A influenciadora Léa Reis publicou um vídeo nas redes sociais mostrando ferimentos após ser agredida por uma mulher em um bar de Balsas, no Maranhão. O caso é investigado pela Polícia Civil, e a defesa informou que registrou boletim de ocorrência.
A influenciadora Léa Reis denunciou ter sido vítima de agressão e transfobia durante uma passagem por Balsas, no Maranhão. O caso ocorreu depois que ela participou do casamento de uma amiga e saiu com um grupo para conhecer a cidade.
Nas redes sociais, Léa apareceu com ferimentos e relatou que foi surpreendida por uma mulher que, segundo ela, não conhecia. A influenciadora afirmou que não houve discussão prévia nem qualquer contato que explicasse o ataque.
"Eu sofri uma transfobia que eu nunca pensei na minha vida", declarou.
- Léa Reis é uma influenciadora digital que foi agredida em um bar.
- A agressão aconteceu na cidade de Balsas, no Maranhão.
- Ela precisou fazer exame de corpo de delito após o ocorrido.
- A Polícia Civil está investigando o caso e analisando imagens.
- A defesa de Léa está reunindo comentários ofensivos para tomar medidas legais.
Léa Reis diz ter levado socos no rosto
Ao descrever o episódio, Léa contou que estava em um bar quando foi atingida no rosto. Ela mostrou marcas na boca e nas mãos e afirmou que começou a sangrar após os golpes.

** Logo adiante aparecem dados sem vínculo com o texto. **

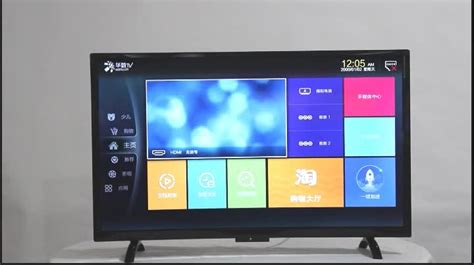 Cheap 3243495565 Inch Smart Led Tv 4k Curved Uhd Televisions With Wifi In China Factory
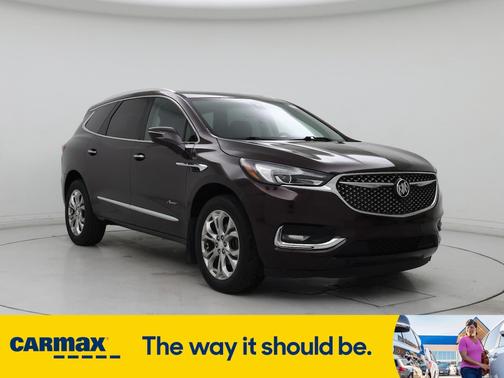 2020 Buick Enclave Avenir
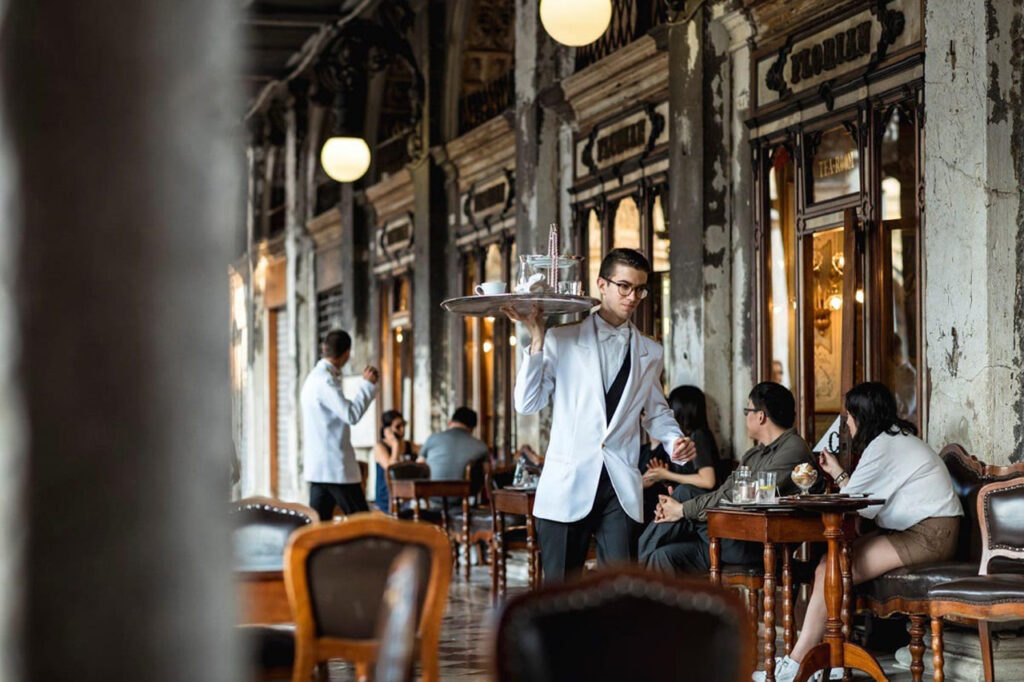 Discovering the Charm of the Old Fashion Cafe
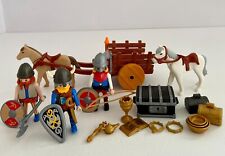 Playmobil viking warrior for sale  DISS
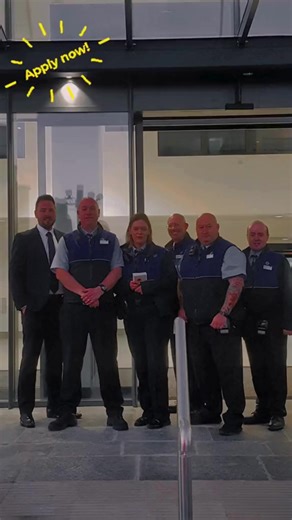 We are actively recruiting for Customer Service roles on the Glider. If you enjoy an active customer service facing role and being part of a Team apply now for our - Customer Revenue Protection Officer roles (CRPO) for the Glider Team in the Belfast area. 👩‍🎓 Full training provided 🤝 Supportive Team ☺ Work life balance 💰 Attractive salary and employee benefits You can apply if you: • Have 2 years face-to-face customer service experience • Experience as working as part of a Team ℹ For more in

"Ela simplesmente só deu um murro na minha boca e deu outro murro na minha boca. Quando eu vi, eu estava sangrando", relatou.

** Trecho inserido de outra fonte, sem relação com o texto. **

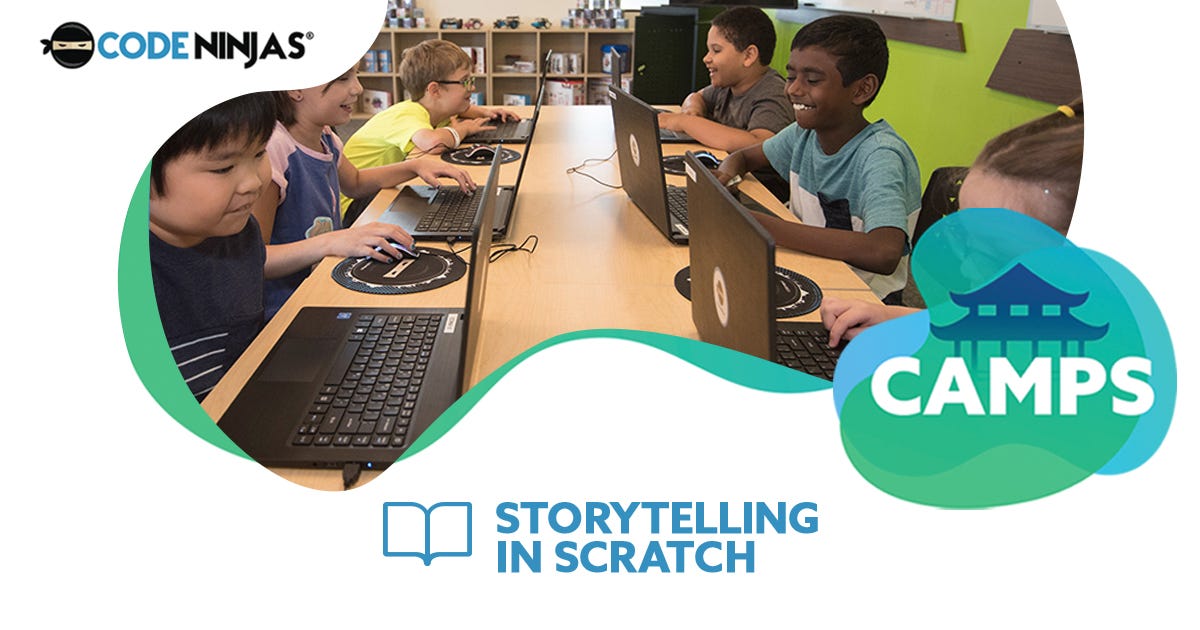 Code Ninjas Offers Summer Coding Camps Virtually and InPerson by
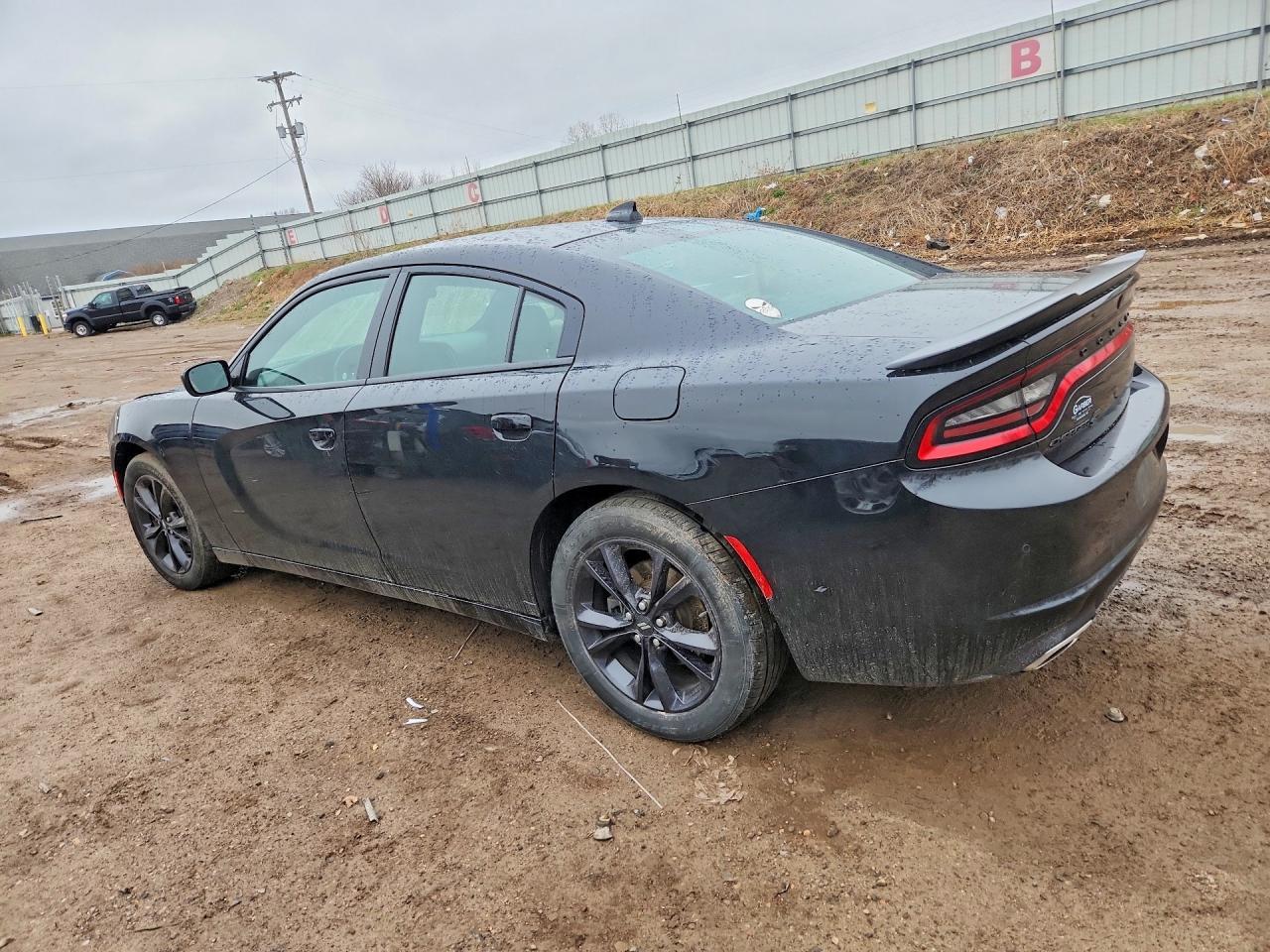 2020 Dodge Charger Sxt - zdjęcie 2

Segundo a influenciadora, a confusão aumentou depois da agressão inicial, com outras pessoas se envolvendo na situação.
"Eu não entendi o que está acontecendo. Foi uma forma muito agressiva e eu quero procurar justiça", disse.

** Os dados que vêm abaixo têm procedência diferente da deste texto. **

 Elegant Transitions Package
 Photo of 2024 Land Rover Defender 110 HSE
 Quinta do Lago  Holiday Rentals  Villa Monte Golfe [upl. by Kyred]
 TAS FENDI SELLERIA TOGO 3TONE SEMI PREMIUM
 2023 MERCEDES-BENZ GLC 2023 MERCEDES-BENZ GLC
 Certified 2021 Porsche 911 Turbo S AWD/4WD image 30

Léa também afirmou não saber quem seria a mulher apontada como responsável pelo ataque nem quais vínculos ela teria na cidade.
"Eu fui agredida brutalmente. Todos que estavam lá ficaram chocados", afirmou. "Eu quero justiça de qualquer forma", acrescentou.
Polícia analisa imagens de câmeras de segurança
A delegada Ana Marisa, responsável pela investigação, informou que as imagens do sistema de segurança do estabelecimento foram examinadas.
Segundo ela, a análise não mostrou provocação, gesto ou aproximação de Léa que pudesse ter antecedido a agressão.
A polícia trabalha agora para esclarecer as circunstâncias do caso e identificar formalmente a mulher citada pela influenciadora.
Delegada alerta para comentários transfóbicos nas redes
A investigação também passou a observar publicações feitas na internet após a repercussão do episódio.
Ana Marisa alertou que comentários discriminatórios ou ofensivos relacionados ao caso podem gerar responsabilização criminal.
"As pessoas precisam aprender a respeitar os outros. Onde não há respeito, entra o direito penal e a responsabilidade criminal, que deve ser apurada", afirmou.
Defesa reúne publicações ofensivas
A defesa de Léa Reis informou que o episódio foi registrado por meio de boletim de ocorrência e que a influenciadora realizou exame de corpo de delito.
Os representantes da influenciadora também afirmaram que estão reunindo postagens e comentários considerados ofensivos feitos após a denúncia.
Segundo a nota, a equipe jurídica monitora e cataloga "toda e qualquer manifestação ofensiva dirigida à ofendida - inclusive em redes sociais e ainda que praticada sob perfil falso ou anônimo. Comentários caluniosos, difamatórios, injuriosos ou de conteúdo discriminatório constituem ilícitos civis e penais autônomos e serão objeto de apuração".